Although I’ve been a fan of both conspiracy stories and detective stories for light reading, I can usually take or leave ones with the degree of humour I found in Savage’s story. Alexander McCall Smith’s The Number One Ladies Detective Agency Volume 6 has never appealed to me to pick up and read, even though I enjoyed hearing excerpts on the radio. And while I enjoyed the ABC’s Phryne Fisher detective series, I haven’t raced out to read Kerry Greenwood’s witty Aussie historical detective novels, either. As I read The Half-Child, however, I warmed to its humour, especially as it plays out in Savage’s depiction of the protagonist Jayne’s relationship with her Indian offsider, Rajiv.

While Savage’s insights into the seedier side of touristic Thailand give rise to indulgent laughter, there is also a fair degree of pathos in the tragic plight of some of the sex workers. Flashes of political comment and insights in regard to inter-race relations, inter-country adoptions and the attitude of Australians to Asian immigrants in the 1990s are also woven through the narrative. The story held my interest till the end, the twists, as well as the characters and their relationships, avoiding cliche.

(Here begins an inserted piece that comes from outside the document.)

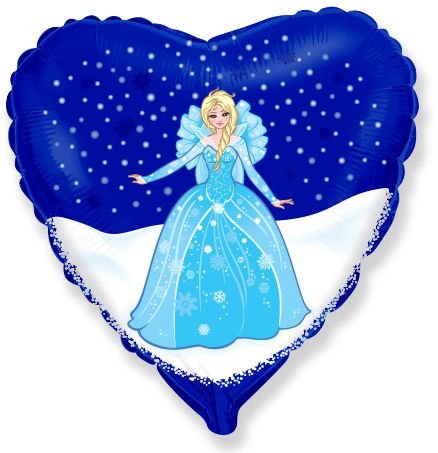 Globo Corazón Winter Princes 45 cm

I’d recommend this book to readers who enjoy tom-boy Aussie female ‘anti-hero’ protagonists, quirky humour and exotic settings, and who don’t mind their detective stories giving them something more to think about than your average mystery.

Note: This review appeared first in a modified version on GoodReads earlier this year. It fulfilled part of my AWW challenge and is Book 5 for my Aussie Authors Challenge.